Jene Gläubigen, die ernsthaft nach Heiligkeit streben, sind meistens nur wenige. Und doch sind ihrer genug, „um Gottes geräuschloses Werk fortzusetzen“[7]. Durch ihr Leben, ihre Treue, ihre Liebe zu Jesus Christus sind sie die besten und glaubwürdigsten Zeugen, durch die Gottes Wahrheit „cor ad cor“ weitergegeben wird. Wie die Apostel werden jene, die vom Licht Christi erleuchtet sind, zu Lichtträgern inmitten einer dunklen und düsteren Welt, zu brennenden Fackeln, welche die Herzen anderer mit dem Feuer Jesu Christi in Berührung zu bringen vermögen. Diese leuchtenden Christen – die Heiligen – haben nach Newman einen unwiderstehlichen Einfluss: „Eine kleine Schar hochbegnadeter Menschen wird die Welt retten für die kommenden Jahrhunderte“[8].

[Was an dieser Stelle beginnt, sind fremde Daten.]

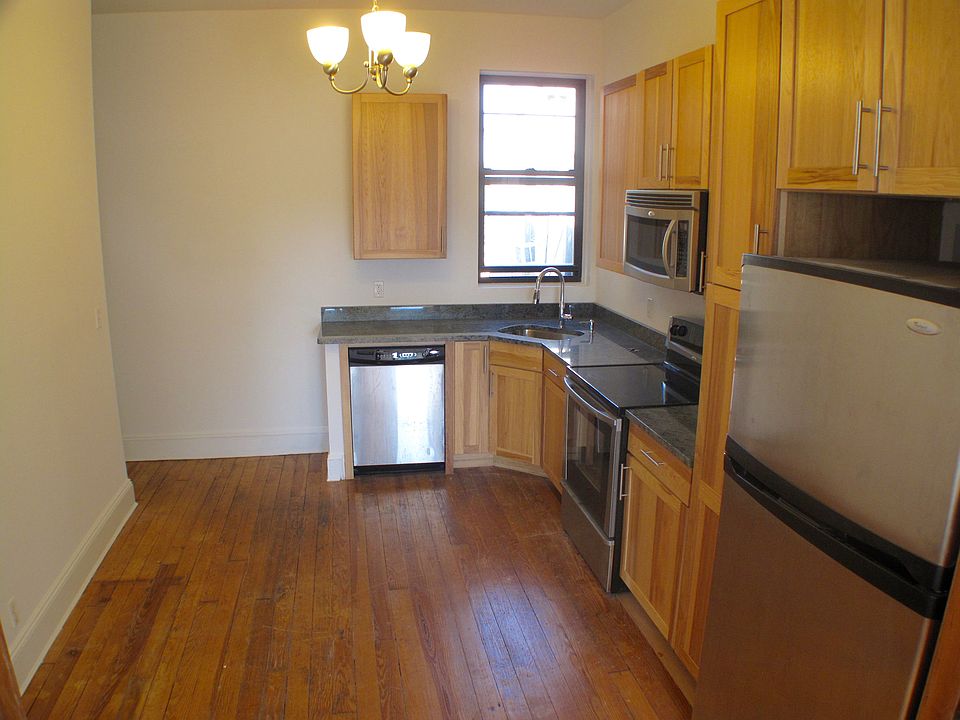1st image of 507 Park Pl APT 2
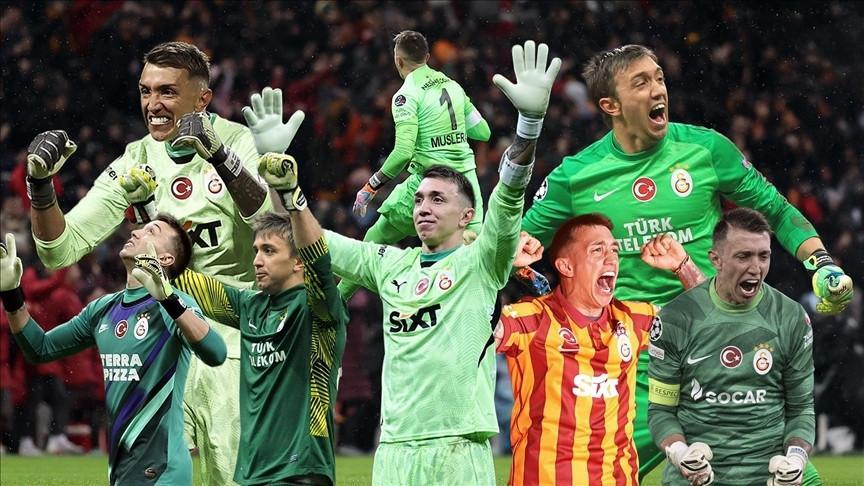 Muslera kimdir, kaç yaşında, nereli, hangi kadrolarda oynadı? Muslera’nın kaç çocuğu var, eşi kim? Galatsaray’ın efsane ismi veda etti: İşte Fernando Muslera’nın oynadığı gruplar, meslek hayatı ve biyografisi!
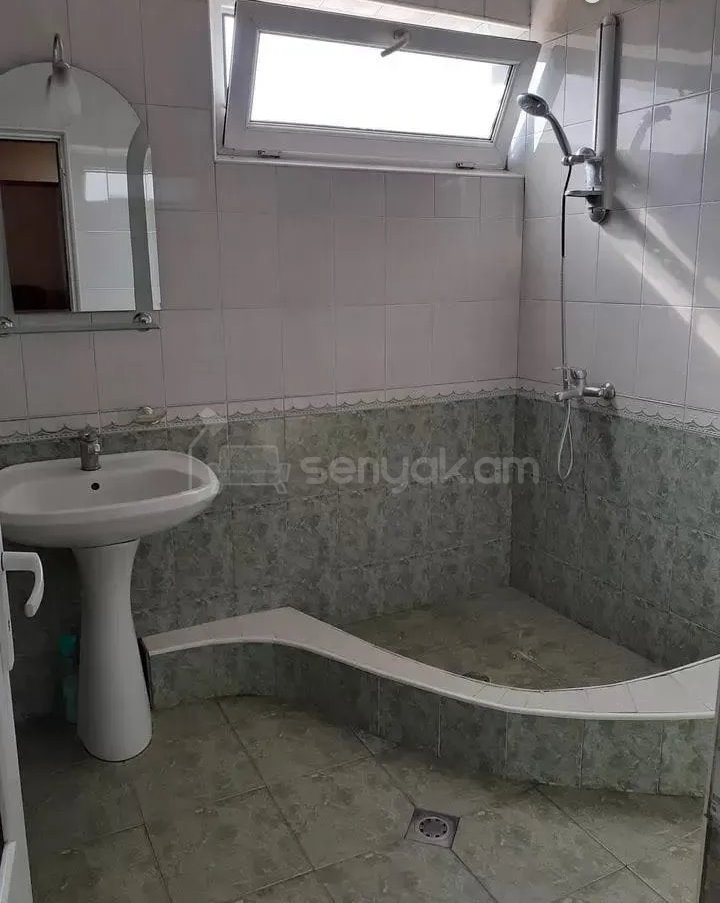 4 Սենյականոց Սեփական Տուն, 254քմ, Կոսմետիկ Վերանորոգված, Ավտոտնակով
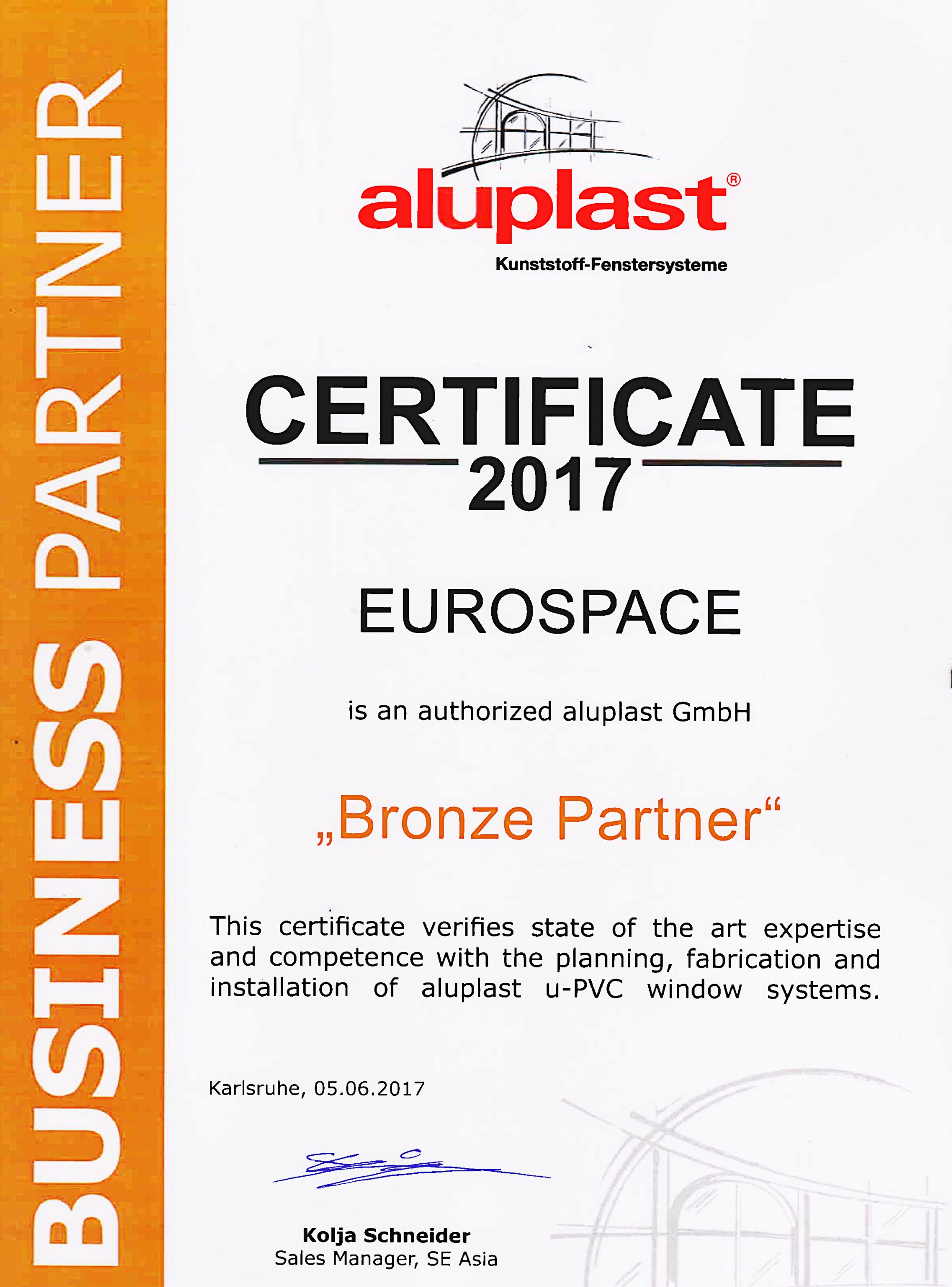 chung-nhan-aluplast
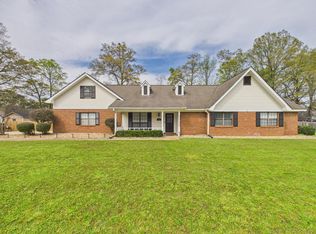 296 Sherwood Dr, Columbus, MS 39705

Internet und andere moderne Kommunikationsmittel öffnen heute eine Fülle von neuen Möglichkeiten, mit anderen in Kontakt zu treten und den Glauben weiterzugeben. Aber zugleich werden die Menschen unfähiger zur wahren Liebe, zugleich wächst die Anonymität – und mit ihr die Sehnsucht nach dem persönlichen Kontakt und der echten Freundschaft. Die Menschen verlangen danach, persönlich angesprochen zu werden. Wenn man diese Zeichen der Zeit bedenkt, wird die Aktualität von Newmans Motto offenkundig.

„Cor ad cor loquitur“: Der Mensch spricht zu Gott.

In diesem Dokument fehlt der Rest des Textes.